Exercise details: Using the entries that follow, write out the line containing "31733 Pembroke St, Livonia, MI", the line containing "Big Group Haven, Sleeps", and every line between them, exactly and nothing else.

Material for this task:
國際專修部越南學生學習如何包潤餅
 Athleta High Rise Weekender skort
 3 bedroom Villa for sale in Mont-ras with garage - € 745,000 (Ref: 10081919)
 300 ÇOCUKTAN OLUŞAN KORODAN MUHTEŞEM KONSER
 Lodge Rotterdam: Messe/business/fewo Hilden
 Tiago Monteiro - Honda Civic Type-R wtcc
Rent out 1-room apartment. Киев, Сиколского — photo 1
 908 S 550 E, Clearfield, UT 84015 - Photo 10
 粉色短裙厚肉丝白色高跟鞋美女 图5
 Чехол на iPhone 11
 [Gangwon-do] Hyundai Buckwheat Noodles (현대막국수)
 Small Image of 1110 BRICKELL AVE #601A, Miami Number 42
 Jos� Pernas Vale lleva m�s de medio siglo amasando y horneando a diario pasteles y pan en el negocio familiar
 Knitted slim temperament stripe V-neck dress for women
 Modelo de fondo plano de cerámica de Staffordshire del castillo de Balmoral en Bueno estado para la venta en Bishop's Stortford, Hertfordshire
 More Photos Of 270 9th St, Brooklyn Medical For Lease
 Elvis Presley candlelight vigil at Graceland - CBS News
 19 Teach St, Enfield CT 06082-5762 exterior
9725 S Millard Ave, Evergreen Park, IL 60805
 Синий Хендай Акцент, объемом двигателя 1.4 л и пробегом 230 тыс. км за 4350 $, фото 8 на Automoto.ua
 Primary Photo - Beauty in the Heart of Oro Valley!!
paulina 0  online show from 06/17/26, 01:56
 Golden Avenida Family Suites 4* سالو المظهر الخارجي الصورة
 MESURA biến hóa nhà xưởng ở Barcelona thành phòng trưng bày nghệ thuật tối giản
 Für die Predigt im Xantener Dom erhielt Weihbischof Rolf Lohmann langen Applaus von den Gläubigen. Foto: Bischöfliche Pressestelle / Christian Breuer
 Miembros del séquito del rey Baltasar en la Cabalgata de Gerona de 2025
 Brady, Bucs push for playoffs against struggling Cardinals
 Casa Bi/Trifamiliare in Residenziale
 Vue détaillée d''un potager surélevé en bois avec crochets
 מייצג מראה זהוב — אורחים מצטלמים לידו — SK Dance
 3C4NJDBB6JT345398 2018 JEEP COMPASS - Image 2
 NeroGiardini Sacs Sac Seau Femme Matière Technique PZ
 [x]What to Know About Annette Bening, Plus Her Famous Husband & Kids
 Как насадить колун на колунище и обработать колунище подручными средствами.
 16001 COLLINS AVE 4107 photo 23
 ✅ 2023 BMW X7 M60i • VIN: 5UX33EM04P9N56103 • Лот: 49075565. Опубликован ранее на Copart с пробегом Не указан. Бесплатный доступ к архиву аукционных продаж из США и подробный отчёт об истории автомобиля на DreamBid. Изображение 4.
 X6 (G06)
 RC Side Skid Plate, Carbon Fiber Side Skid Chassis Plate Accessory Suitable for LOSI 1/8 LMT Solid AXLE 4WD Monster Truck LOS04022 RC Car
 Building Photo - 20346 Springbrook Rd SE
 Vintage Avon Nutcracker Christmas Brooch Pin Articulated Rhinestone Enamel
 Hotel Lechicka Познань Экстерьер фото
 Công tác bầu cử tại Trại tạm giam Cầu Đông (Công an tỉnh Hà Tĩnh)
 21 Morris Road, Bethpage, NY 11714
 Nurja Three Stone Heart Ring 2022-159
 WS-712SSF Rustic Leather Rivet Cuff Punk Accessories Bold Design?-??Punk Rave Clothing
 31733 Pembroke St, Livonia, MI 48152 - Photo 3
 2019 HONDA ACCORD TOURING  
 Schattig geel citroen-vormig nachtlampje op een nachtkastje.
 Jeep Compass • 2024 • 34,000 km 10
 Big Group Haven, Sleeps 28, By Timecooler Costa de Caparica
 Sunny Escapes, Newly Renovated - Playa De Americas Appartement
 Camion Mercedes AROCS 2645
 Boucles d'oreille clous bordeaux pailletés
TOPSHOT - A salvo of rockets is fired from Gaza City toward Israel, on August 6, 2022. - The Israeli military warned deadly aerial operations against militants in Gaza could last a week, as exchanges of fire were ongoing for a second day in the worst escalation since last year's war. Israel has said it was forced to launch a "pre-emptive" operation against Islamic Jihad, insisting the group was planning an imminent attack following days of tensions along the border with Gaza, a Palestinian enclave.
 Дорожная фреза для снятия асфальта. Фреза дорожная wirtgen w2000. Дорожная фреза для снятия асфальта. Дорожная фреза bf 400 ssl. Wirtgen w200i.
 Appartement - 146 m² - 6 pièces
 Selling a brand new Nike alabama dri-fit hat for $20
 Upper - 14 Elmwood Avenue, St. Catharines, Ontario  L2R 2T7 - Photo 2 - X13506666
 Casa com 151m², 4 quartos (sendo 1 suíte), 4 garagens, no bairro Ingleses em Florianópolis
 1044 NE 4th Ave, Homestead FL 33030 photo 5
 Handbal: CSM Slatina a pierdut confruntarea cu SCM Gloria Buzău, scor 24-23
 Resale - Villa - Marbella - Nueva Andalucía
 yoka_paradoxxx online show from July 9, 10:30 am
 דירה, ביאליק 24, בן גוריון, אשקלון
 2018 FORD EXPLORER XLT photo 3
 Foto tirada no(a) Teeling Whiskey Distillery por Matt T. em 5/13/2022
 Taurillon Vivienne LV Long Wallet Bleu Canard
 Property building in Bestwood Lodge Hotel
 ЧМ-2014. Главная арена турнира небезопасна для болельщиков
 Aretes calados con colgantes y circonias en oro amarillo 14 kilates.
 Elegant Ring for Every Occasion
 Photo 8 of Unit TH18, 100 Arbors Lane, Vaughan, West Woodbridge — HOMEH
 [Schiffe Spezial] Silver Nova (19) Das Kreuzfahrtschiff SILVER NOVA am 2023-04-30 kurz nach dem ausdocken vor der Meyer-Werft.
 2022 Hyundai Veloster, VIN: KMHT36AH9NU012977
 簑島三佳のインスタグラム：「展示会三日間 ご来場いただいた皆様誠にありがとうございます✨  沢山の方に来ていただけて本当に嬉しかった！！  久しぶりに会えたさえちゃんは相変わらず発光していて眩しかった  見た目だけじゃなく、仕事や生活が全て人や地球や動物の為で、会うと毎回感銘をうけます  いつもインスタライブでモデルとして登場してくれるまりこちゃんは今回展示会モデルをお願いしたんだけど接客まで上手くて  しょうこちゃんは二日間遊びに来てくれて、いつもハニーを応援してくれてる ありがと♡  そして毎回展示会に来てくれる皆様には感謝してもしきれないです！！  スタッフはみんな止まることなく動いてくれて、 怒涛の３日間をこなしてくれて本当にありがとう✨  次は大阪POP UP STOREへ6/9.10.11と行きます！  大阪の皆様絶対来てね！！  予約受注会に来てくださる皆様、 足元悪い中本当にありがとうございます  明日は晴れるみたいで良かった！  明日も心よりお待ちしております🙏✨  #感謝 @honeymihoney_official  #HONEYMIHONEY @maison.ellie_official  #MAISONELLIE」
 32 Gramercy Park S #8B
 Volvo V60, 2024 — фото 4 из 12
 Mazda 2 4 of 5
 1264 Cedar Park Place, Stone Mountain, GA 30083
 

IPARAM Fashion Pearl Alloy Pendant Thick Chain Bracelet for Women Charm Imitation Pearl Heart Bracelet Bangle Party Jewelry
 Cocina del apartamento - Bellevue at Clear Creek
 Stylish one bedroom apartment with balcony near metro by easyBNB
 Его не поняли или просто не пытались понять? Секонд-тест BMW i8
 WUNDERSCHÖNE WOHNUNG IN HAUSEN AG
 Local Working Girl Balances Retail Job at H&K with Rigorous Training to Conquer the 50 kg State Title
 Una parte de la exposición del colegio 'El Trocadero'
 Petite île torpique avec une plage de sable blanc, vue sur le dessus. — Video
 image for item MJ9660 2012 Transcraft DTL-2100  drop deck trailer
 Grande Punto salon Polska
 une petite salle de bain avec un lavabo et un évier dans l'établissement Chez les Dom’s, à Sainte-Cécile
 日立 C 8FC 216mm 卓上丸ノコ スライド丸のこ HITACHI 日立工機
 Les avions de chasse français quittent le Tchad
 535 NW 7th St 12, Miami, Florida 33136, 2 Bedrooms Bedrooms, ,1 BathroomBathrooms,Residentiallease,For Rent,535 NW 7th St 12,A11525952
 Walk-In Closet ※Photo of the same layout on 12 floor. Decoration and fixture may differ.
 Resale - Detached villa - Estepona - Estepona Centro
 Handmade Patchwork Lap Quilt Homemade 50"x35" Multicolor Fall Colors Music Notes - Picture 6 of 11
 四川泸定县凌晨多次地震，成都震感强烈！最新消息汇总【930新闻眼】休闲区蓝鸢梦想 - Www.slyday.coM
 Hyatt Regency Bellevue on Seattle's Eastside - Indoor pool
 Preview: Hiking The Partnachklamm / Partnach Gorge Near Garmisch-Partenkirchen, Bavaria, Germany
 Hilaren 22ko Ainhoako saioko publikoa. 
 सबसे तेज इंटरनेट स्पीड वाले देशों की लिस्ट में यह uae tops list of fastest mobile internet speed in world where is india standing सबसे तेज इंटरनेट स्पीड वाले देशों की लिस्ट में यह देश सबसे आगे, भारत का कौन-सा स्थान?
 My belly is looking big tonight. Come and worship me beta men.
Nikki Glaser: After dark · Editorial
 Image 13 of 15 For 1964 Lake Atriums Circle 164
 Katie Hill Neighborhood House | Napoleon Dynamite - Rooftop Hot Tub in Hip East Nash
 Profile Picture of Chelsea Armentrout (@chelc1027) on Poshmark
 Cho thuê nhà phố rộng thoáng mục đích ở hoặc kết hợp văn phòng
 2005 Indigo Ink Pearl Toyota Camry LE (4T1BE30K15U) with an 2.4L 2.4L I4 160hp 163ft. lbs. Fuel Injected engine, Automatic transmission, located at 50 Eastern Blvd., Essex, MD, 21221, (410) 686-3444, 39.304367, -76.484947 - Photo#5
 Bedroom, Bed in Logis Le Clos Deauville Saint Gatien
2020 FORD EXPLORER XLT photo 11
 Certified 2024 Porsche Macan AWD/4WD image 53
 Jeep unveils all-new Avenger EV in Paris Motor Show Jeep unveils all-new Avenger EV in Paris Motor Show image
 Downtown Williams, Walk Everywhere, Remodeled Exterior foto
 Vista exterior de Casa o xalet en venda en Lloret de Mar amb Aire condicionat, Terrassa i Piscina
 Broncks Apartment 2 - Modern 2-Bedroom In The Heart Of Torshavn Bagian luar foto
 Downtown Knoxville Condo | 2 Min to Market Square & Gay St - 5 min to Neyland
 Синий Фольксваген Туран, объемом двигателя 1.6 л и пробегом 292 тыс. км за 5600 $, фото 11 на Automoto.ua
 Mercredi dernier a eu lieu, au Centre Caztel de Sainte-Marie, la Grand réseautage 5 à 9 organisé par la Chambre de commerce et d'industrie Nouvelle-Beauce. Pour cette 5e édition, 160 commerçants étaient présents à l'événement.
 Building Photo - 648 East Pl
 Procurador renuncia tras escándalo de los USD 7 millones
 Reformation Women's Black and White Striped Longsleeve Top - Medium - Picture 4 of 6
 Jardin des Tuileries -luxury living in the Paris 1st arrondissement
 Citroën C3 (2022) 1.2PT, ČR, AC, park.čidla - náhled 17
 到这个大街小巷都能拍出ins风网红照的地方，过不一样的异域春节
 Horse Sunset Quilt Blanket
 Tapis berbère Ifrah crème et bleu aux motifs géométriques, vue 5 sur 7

Response box:
 31733 Pembroke St, Livonia, MI 48152 - Photo 3
 2019 HONDA ACCORD TOURING  
 Schattig geel citroen-vormig nachtlampje op een nachtkastje.
 Jeep Compass • 2024 • 34,000 km 10
 Big Group Haven, Sleeps 28, By Timecooler Costa de Caparica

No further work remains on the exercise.